L’horizon trace à peine la séparation entre l’eau et le ciel, dont les teintes douces, légères comme des touches d’aquarelle que ne renierait pas un peintre romantique, se mélangent en faisant vibrer les variations de bleu et de rose. Dans le carré qui permet un parfait équilibre entre les masses, les reflets, les différents éléments qui se fondent subtilement, une femme nage, les yeux fermés. Elle entre dans le cadre sans en rompre le charme. Tout semble apaisé dans ce petit tableau sensuel et nous imaginons le plaisir de cette baignade que la photographe américaine Maggie Steber, qui doit être dans l’eau non loin de son modèle pour obtenir une telle proximité, nous fait partager.

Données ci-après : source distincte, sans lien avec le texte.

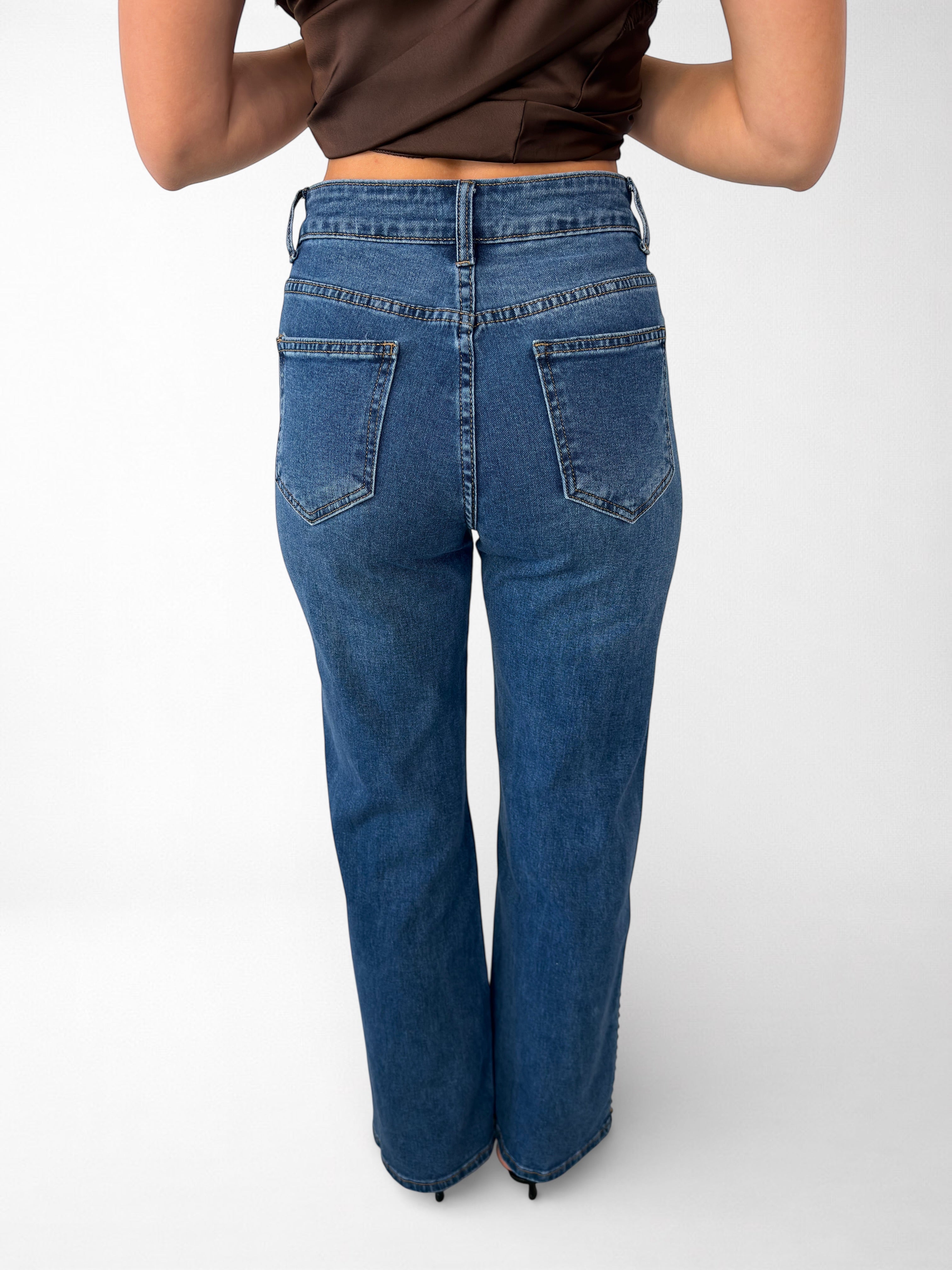 Pantalón Teresa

La joue qui semble caresser l’eau et le léger reflet du visage nous renvoient aux multiples représentations de Narcisse, le chasseur tellement beau qu’il tomba amoureux de son image lorsqu’il découvrit son reflet en buvant dans un ruisseau. Désespéré de ne pouvoir la conserver, il dépérit et en mourut. Le mythe, rapporté par le poète latin Ovide, inspira de nombreux peintres au fil des siècles – ainsi, du Caravage en 1599. Mais aussi plus tard des photographes, comme Laure Albin-Guillot qui en donna une version pictorialiste. Chez Maggie Steber, le thème est décliné au féminin.
Mer originelle
La photo a été prise en 2015, à Miami, où Elly Choval se baigne dans les eaux de Key Biscayne, non loin du détroit qui sépare la Floride de Cuba, son île natale. Cette femme a fait partie des cibles de l’opération Peter Pan, un épisode méconnu de la guerre froide. Au début des années 1960, une rumeur se répand à Cuba, selon laquelle Fidel Castro allait « nationaliser les enfants ». Entre décembre 1960 et octobre 1962, des parents affolés décident d’envoyer leur progéniture aux États-Unis pour les protéger. Plus de 14 000 mineurs cubains non accompagnés, âgés de 5 à 18 ans, sont alors évacués vers Miami, avec l’aide du Département d’État et de l’église catholique américaine. Nombre d’entre eux ne reverront plus jamais leurs parents. Cet exode est considéré comme le plus important déplacement, dans le monde occidental, de mineurs non accompagnés du XXe siècle.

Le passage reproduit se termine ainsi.